Keeping every line intact, print the records that follow.

BEGIN

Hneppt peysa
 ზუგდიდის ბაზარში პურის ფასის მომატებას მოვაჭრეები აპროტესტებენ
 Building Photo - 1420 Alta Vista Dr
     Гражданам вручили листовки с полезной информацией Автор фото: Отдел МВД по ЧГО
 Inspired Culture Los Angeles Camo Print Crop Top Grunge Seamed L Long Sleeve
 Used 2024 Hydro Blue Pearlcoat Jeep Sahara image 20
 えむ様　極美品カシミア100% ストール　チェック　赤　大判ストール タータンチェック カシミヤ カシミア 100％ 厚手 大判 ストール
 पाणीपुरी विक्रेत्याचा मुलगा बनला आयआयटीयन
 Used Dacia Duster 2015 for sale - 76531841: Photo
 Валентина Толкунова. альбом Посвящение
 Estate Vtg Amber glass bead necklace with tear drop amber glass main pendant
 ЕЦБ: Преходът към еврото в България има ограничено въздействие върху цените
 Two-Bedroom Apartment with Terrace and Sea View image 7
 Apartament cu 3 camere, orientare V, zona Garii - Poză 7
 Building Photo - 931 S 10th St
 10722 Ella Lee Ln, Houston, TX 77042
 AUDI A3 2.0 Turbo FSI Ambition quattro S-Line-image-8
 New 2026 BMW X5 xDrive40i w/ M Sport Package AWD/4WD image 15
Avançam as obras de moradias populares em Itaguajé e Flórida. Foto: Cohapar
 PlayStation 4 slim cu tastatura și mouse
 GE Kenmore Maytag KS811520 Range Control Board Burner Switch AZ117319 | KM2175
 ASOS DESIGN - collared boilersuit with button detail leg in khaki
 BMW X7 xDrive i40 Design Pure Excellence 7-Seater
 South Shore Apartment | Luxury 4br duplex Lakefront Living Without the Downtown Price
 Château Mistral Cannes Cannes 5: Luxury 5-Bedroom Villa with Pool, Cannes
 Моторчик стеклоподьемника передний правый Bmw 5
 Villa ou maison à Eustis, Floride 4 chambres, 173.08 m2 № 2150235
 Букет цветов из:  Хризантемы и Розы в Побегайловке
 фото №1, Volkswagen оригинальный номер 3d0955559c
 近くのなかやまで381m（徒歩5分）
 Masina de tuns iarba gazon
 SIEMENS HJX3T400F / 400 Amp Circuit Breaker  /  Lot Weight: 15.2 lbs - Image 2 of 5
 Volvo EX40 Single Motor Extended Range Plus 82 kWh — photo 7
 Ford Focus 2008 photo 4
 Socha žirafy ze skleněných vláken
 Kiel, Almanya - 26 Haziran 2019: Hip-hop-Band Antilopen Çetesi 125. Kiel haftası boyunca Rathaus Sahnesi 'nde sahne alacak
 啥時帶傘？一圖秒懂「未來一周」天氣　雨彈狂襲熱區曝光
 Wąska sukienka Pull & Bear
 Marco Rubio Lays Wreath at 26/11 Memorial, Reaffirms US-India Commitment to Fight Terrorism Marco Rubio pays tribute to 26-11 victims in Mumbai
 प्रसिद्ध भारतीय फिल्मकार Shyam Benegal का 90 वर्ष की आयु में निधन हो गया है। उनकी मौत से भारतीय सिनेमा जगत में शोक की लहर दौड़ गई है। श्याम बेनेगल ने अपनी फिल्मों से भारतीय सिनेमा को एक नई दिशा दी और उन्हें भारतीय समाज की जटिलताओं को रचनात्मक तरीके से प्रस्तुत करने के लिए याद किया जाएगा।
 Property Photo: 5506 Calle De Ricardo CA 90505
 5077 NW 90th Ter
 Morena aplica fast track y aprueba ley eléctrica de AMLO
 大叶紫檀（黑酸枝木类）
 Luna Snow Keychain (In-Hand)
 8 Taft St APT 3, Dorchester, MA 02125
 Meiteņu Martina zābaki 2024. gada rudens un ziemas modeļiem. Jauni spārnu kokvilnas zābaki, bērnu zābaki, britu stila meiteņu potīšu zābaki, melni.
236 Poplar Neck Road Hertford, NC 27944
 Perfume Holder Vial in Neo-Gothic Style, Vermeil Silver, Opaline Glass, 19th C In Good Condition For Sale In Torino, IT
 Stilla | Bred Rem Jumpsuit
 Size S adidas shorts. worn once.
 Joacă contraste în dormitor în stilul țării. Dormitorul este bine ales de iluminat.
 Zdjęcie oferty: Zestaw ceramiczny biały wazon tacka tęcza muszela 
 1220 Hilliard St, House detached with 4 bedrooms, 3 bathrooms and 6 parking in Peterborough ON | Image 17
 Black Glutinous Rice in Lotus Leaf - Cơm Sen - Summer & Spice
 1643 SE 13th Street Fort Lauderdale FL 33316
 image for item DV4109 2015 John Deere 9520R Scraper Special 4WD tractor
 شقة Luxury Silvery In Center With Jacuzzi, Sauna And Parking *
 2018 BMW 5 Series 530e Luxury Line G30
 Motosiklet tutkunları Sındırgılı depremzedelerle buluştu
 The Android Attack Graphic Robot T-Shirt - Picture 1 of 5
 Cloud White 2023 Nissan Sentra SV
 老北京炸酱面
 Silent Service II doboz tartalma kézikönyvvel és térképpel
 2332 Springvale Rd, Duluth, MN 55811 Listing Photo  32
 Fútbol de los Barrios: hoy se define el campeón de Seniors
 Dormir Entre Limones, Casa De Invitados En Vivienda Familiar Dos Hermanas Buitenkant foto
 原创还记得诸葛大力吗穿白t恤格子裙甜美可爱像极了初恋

END

Solution for this exercise
Hneppt peysa
 ზუგდიდის ბაზარში პურის ფასის მომატებას მოვაჭრეები აპროტესტებენ
 Building Photo - 1420 Alta Vista Dr
     Гражданам вручили листовки с полезной информацией Автор фото: Отдел МВД по ЧГО
 Inspired Culture Los Angeles Camo Print Crop Top Grunge Seamed L Long Sleeve
 Used 2024 Hydro Blue Pearlcoat Jeep Sahara image 20
 えむ様　極美品カシミア100% ストール　チェック　赤　大判ストール タータンチェック カシミヤ カシミア 100％ 厚手 大判 ストール
 पाणीपुरी विक्रेत्याचा मुलगा बनला आयआयटीयन
 Used Dacia Duster 2015 for sale - 76531841: Photo
 Валентина Толкунова. альбом Посвящение
 Estate Vtg Amber glass bead necklace with tear drop amber glass main pendant
 ЕЦБ: Преходът към еврото в България има ограничено въздействие върху цените
 Two-Bedroom Apartment with Terrace and Sea View image 7
 Apartament cu 3 camere, orientare V, zona Garii - Poză 7
 Building Photo - 931 S 10th St
 10722 Ella Lee Ln, Houston, TX 77042
 AUDI A3 2.0 Turbo FSI Ambition quattro S-Line-image-8
 New 2026 BMW X5 xDrive40i w/ M Sport Package AWD/4WD image 15
Avançam as obras de moradias populares em Itaguajé e Flórida. Foto: Cohapar
 PlayStation 4 slim cu tastatura și mouse
 GE Kenmore Maytag KS811520 Range Control Board Burner Switch AZ117319 | KM2175
 ASOS DESIGN - collared boilersuit with button detail leg in khaki
 BMW X7 xDrive i40 Design Pure Excellence 7-Seater
 South Shore Apartment | Luxury 4br duplex Lakefront Living Without the Downtown Price
 Château Mistral Cannes Cannes 5: Luxury 5-Bedroom Villa with Pool, Cannes
 Моторчик стеклоподьемника передний правый Bmw 5
 Villa ou maison à Eustis, Floride 4 chambres, 173.08 m2 № 2150235
 Букет цветов из:  Хризантемы и Розы в Побегайловке
 фото №1, Volkswagen оригинальный номер 3d0955559c
 近くのなかやまで381m（徒歩5分）
 Masina de tuns iarba gazon
 SIEMENS HJX3T400F / 400 Amp Circuit Breaker  /  Lot Weight: 15.2 lbs - Image 2 of 5
 Volvo EX40 Single Motor Extended Range Plus 82 kWh — photo 7
 Ford Focus 2008 photo 4
 Socha žirafy ze skleněných vláken
 Kiel, Almanya - 26 Haziran 2019: Hip-hop-Band Antilopen Çetesi 125. Kiel haftası boyunca Rathaus Sahnesi 'nde sahne alacak
 啥時帶傘？一圖秒懂「未來一周」天氣　雨彈狂襲熱區曝光
 Wąska sukienka Pull & Bear
 Marco Rubio Lays Wreath at 26/11 Memorial, Reaffirms US-India Commitment to Fight Terrorism Marco Rubio pays tribute to 26-11 victims in Mumbai
 प्रसिद्ध भारतीय फिल्मकार Shyam Benegal का 90 वर्ष की आयु में निधन हो गया है। उनकी मौत से भारतीय सिनेमा जगत में शोक की लहर दौड़ गई है। श्याम बेनेगल ने अपनी फिल्मों से भारतीय सिनेमा को एक नई दिशा दी और उन्हें भारतीय समाज की जटिलताओं को रचनात्मक तरीके से प्रस्तुत करने के लिए याद किया जाएगा।
 Property Photo: 5506 Calle De Ricardo CA 90505
 5077 NW 90th Ter
 Morena aplica fast track y aprueba ley eléctrica de AMLO
 大叶紫檀（黑酸枝木类）
 Luna Snow Keychain (In-Hand)
 8 Taft St APT 3, Dorchester, MA 02125
 Meiteņu Martina zābaki 2024. gada rudens un ziemas modeļiem. Jauni spārnu kokvilnas zābaki, bērnu zābaki, britu stila meiteņu potīšu zābaki, melni.
236 Poplar Neck Road Hertford, NC 27944
 Perfume Holder Vial in Neo-Gothic Style, Vermeil Silver, Opaline Glass, 19th C In Good Condition For Sale In Torino, IT
 Stilla | Bred Rem Jumpsuit
 Size S adidas shorts. worn once.
 Joacă contraste în dormitor în stilul țării. Dormitorul este bine ales de iluminat.
 Zdjęcie oferty: Zestaw ceramiczny biały wazon tacka tęcza muszela 
 1220 Hilliard St, House detached with 4 bedrooms, 3 bathrooms and 6 parking in Peterborough ON | Image 17
 Black Glutinous Rice in Lotus Leaf - Cơm Sen - Summer & Spice
 1643 SE 13th Street Fort Lauderdale FL 33316
 image for item DV4109 2015 John Deere 9520R Scraper Special 4WD tractor
 شقة Luxury Silvery In Center With Jacuzzi, Sauna And Parking *
 2018 BMW 5 Series 530e Luxury Line G30
 Motosiklet tutkunları Sındırgılı depremzedelerle buluştu
 The Android Attack Graphic Robot T-Shirt - Picture 1 of 5
 Cloud White 2023 Nissan Sentra SV
 老北京炸酱面
 Silent Service II doboz tartalma kézikönyvvel és térképpel
 2332 Springvale Rd, Duluth, MN 55811 Listing Photo  32
 Fútbol de los Barrios: hoy se define el campeón de Seniors
 Dormir Entre Limones, Casa De Invitados En Vivienda Familiar Dos Hermanas Buitenkant foto
 原创还记得诸葛大力吗穿白t恤格子裙甜美可爱像极了初恋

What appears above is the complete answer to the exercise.